As this is an early, experimental release I thought it only fair to share the glaring areas of concern:

  • session expiry

I currently believe that it should be the responsibility of the Plack middleware to expire and clear session data. As far as possible this functionality is unimplemented and unsupported in this distribution.

  • session expiry value initialisation

There was a problem with the session expiry value being unset in the Catalyst related code. This led to sessions always being deleted/expired and never working properly.

There are a couple of dubious areas to resolve this.

sub get_session_data {
    # ...

    # TODO: work out correct place to initialise this
    $psgi_env->{'psgix.session.expires'}
        ||= $c->get_session_expires;

    # ...
}

is almost certainly the wrong time and place to be initialising this value, but it works and I'm open to clue-sticks and patches.

sub get_session_expires {
    my $c = shift;
    my $expires = $c->_session_plugin_config->{expires} || 0;
    return time() + $expires;
}

worries me because I cahve no idea where the value for $c-_session_plugin_config->{expires}> is being initialised.
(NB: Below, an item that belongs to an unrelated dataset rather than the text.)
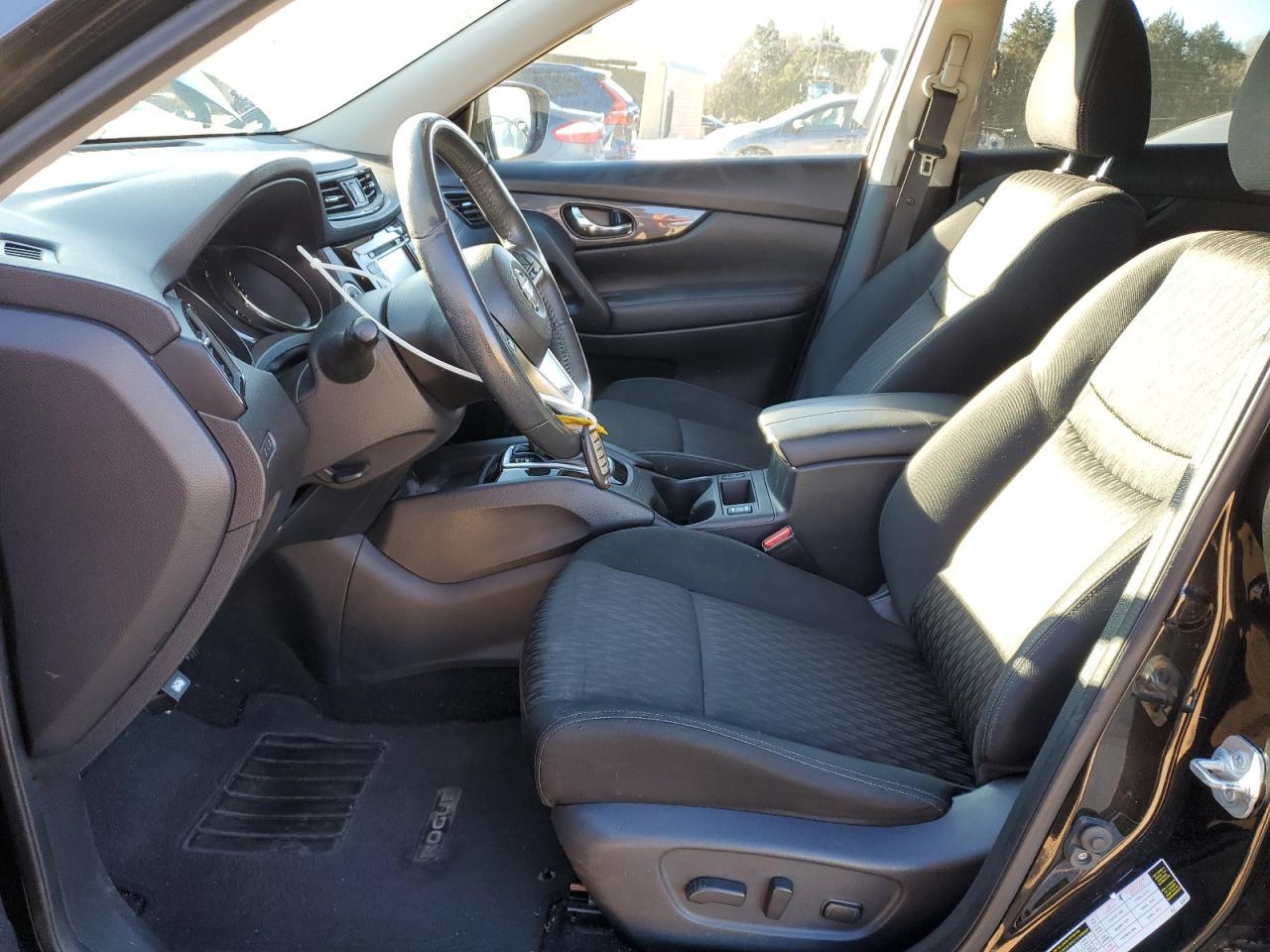2017 NISSAN ROGUE S - Image 7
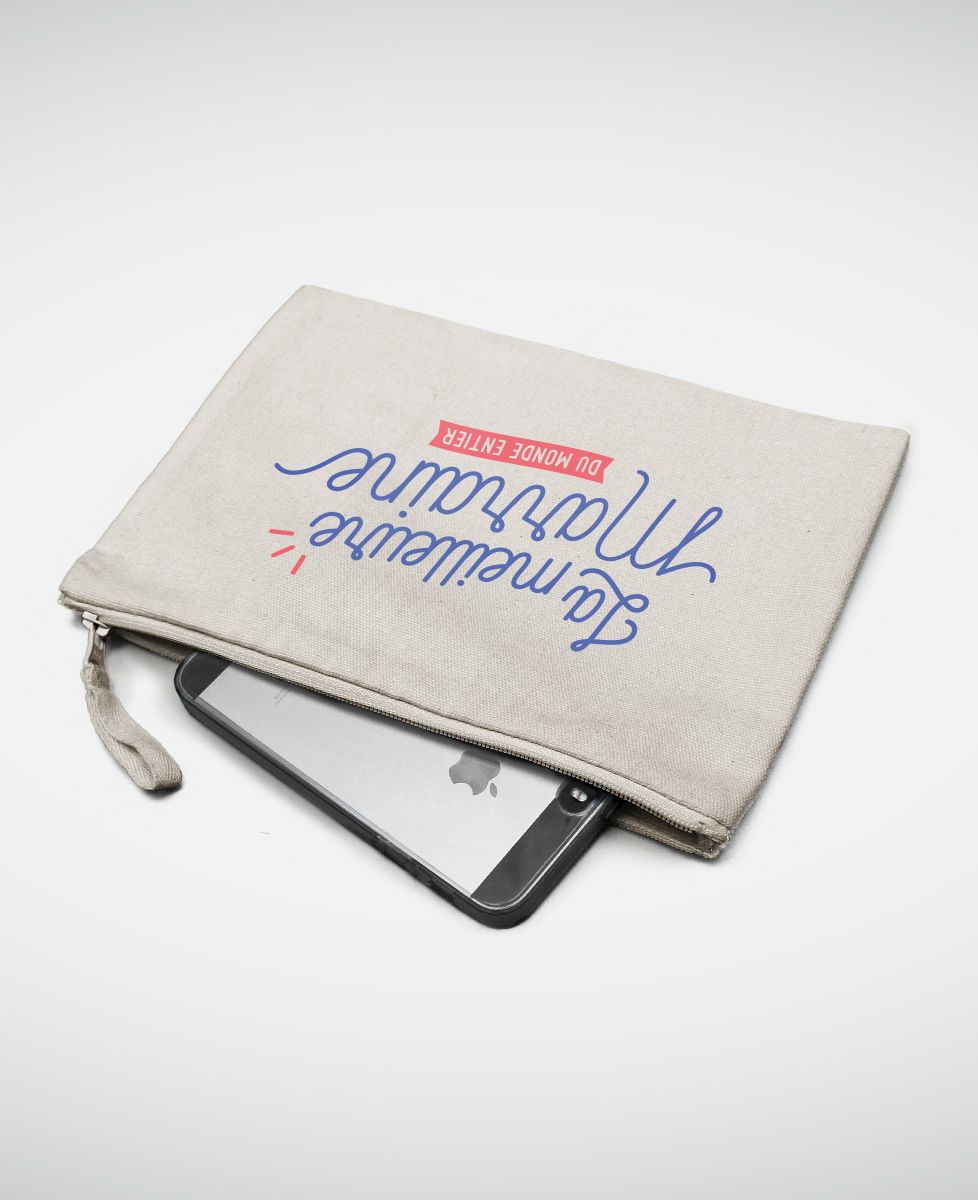 Pochette La meilleure marraine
I'm concerned that this may become 0 when you least expect it and start expiring all sessions.

  • (lack of) test coverage

Other than basic sanity tests provided by Dist::Zilla this distribution has no tests!

I haven't found the time to mock up a plack-catalyst test suite to ensure the session is doing the right thing. Once again I'm open to clue-sticks and patches.

SEE ALSO

Catalyst, Catalyst::Plugin::Session, Plack::Middleware::Session, Catalyst::Plugin::Session::State::PSGI, Catalyst::Plugin::Session::Store::PSGI

AUTHOR

Chisel chisel@chizography.net

COPYRIGHT AND LICENSE

This software is copyright (c) 2011 by Chisel Wright.

This is free software; you can redistribute it and/or modify it under the same terms as the Perl 5 programming language system itself.